While some readers might get a bit annoyed with the constant analogies and conversation about fate and destiny, I, of course, enjoyed every second of it. The momentum was fairly decent and I liked most of the characters. Furthermore, Ms. Roberts did an excellent job of handling seven main characters (plus additional supporting cast). As I am always trying to balance and better develop my own group, I was impressed by her ability to easily and clearly define personalities, all while moving the story forward. The ending was predictable, the romance was hot and overall, while not entirely the same as my own Fates project (thank goodness!), I was glad I paid over my usual price for a e-book.

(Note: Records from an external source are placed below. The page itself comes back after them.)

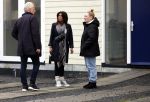 Vinkeveen 19 januari 2026
Rachel Hazes kroijgt de sleutels terug van haar huis in Vinkeveen . Marieke v Beek verloor rechtszaak en moet uit het huis . Rachel kwam samen met een makelaar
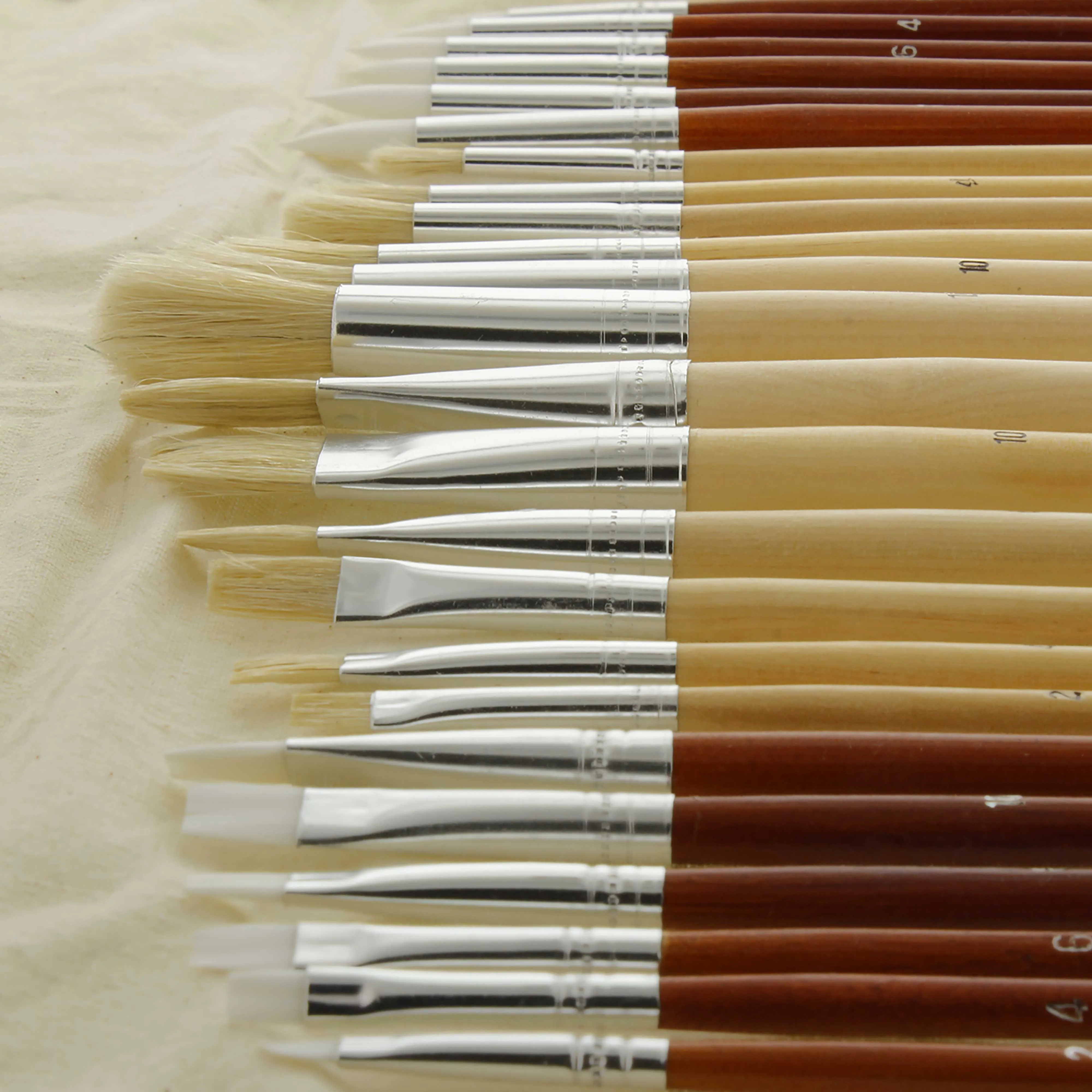 24 Piece Oil & Acrylic Paint Long Handle Artist Paint Brush Set with Canvas Carrying Case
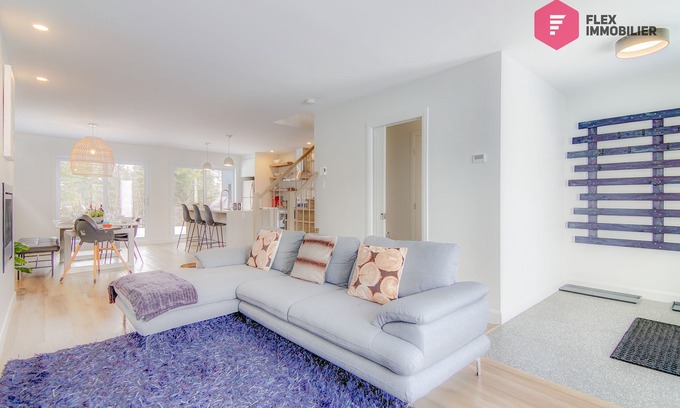 Pont-Rouge Cottage | Le Harfang de Portneuf/Firepit Fireplace SPA Pool Sauna Billiards Trails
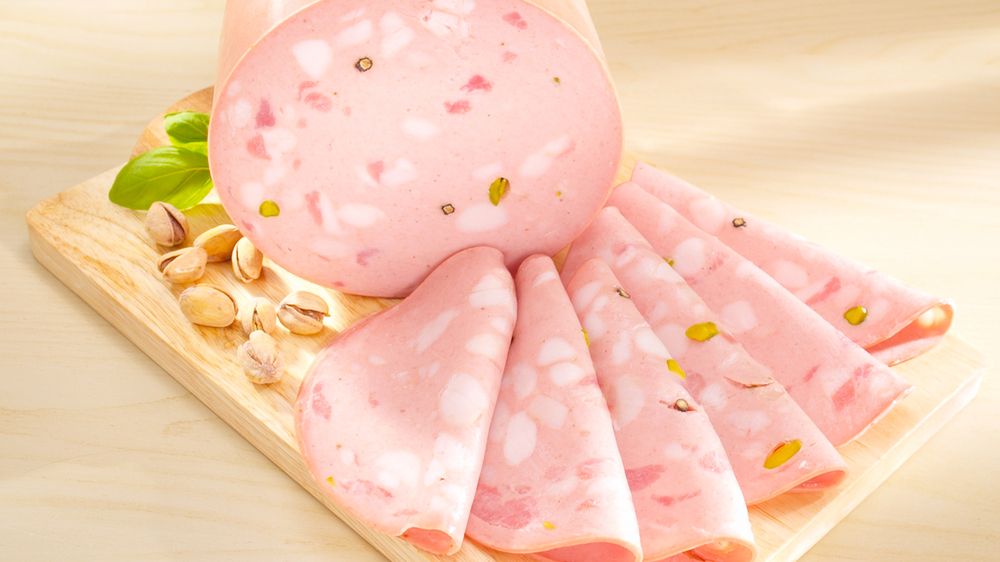 Wołowo-wieprzowa kiełbasa bolońska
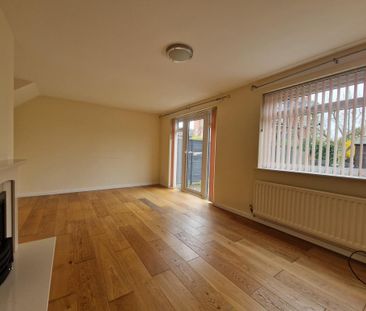 3 bedroom terraced house to rent - Photo 2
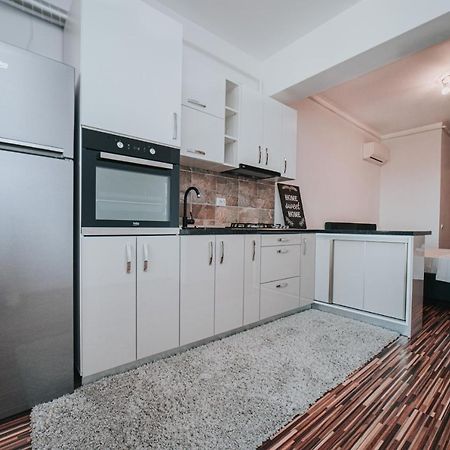 Urban Apartments And Studios - City Center Iasi Buitenkant foto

So, who would I recommend the book to? As I am not well read on the rest of Ms. Roberts’ library, I can’t definitively say the rest of her readers would enjoy this novel. Additionally, while the novel has many elements of a thriller, I think the romantic storylines might turn off a potential reader. As I’m sure Nora Roberts has no problem selling books, I don’t think she would have the same concerns I do about attracting as many audience members as possible. As I returned to the Amazon page for the book, I read over the reviews (mostly positive, and plenty of them) and tried to find other books similar to this one, unfortunately, the ‘Readers who bought this…’ category listed only Nora Roberts books and no others.
The book, however, did come with some wonderful quotes about my favorite trio, so I thought I would share them with you:
“The first, who held the spindle spoke, ‘I spin the thread, but you will make what you will.’ The second held a silver tape for measuring and said, ‘I mark the length, but you use the time.’ And the third, with her silver scissors, told me this, ‘I cut the thread for nothing should last forever. Don’t waste what you are given.:
“None could function alone. A thread might be spun, but endlessly and without purpose or its natural course. Or without the spinning, there’s nothing to measure, nothing to cut. Three parts – one purpose.”
“We can’t escape fate, but we can do a great deal to carve our own mark in it – to turn it to our advantage or disadvantage.”
Over the years of working on this project, I’ve collected heaps of quotes about the Fates, maybe I’ll share them one day soon!